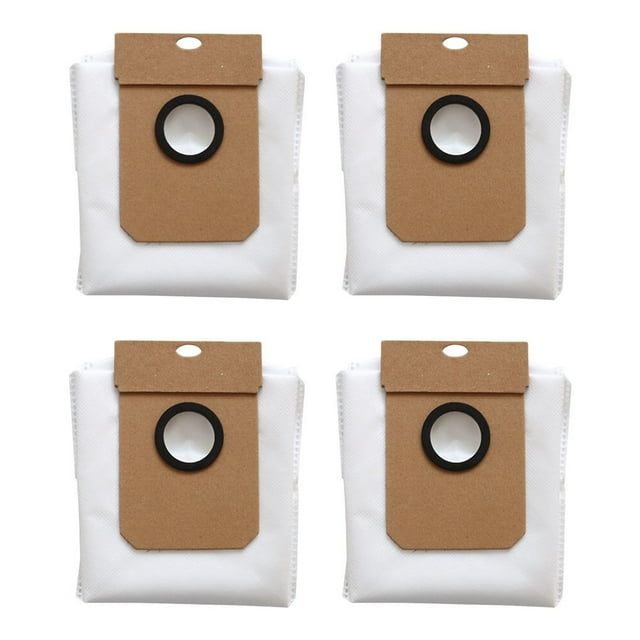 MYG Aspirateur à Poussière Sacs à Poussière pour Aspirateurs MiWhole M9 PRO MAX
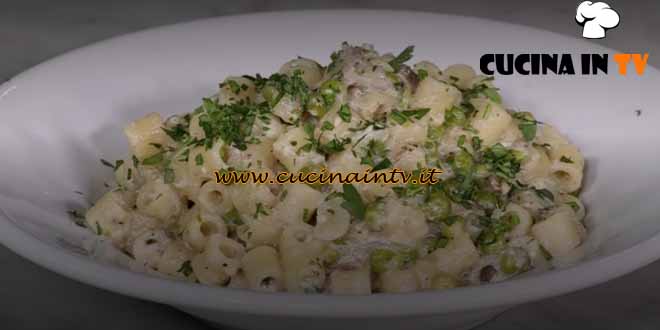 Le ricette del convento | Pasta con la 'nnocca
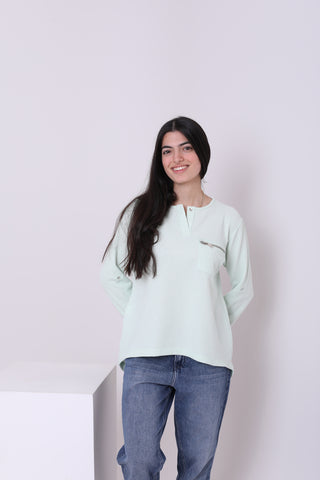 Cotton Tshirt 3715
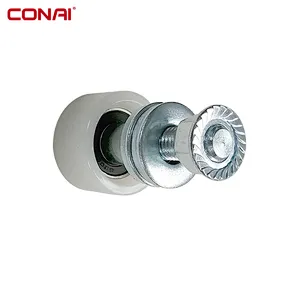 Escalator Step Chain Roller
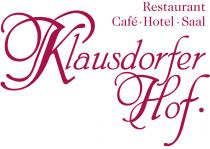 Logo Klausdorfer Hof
________________________
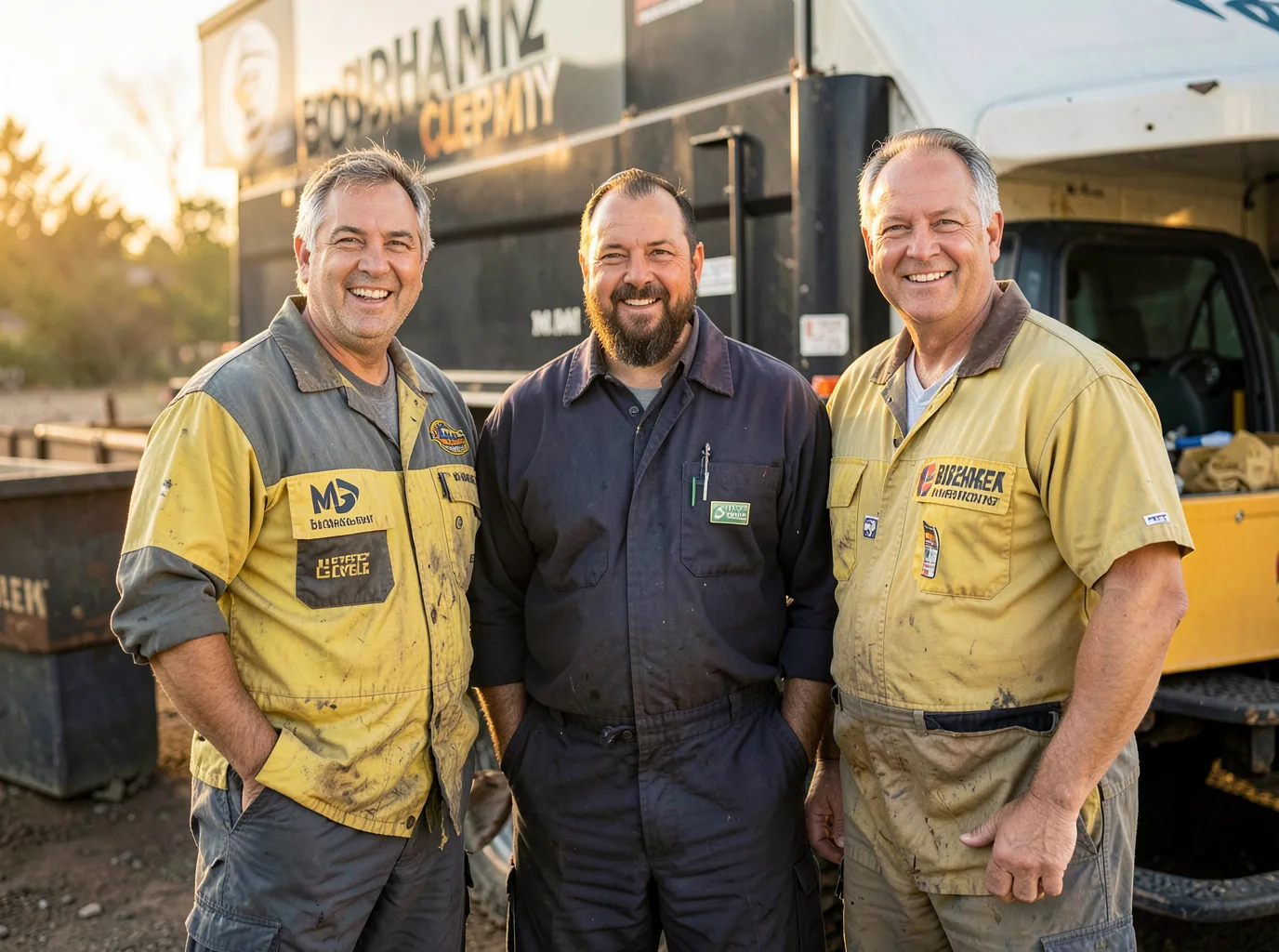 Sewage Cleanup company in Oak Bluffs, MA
________________________
WHAT YOU WILL DO - Would you please repeat only the lines above, beginning at the one that has "MYG Aspirateur à" and stopping after the one that has "Logo Klausdorfer Hof", exactly and with no pictures?

RESULT BELOW -
 MYG Aspirateur à Poussière Sacs à Poussière pour Aspirateurs MiWhole M9 PRO MAX
 Le ricette del convento | Pasta con la 'nnocca
 Cotton Tshirt 3715
 Escalator Step Chain Roller
 Logo Klausdorfer Hof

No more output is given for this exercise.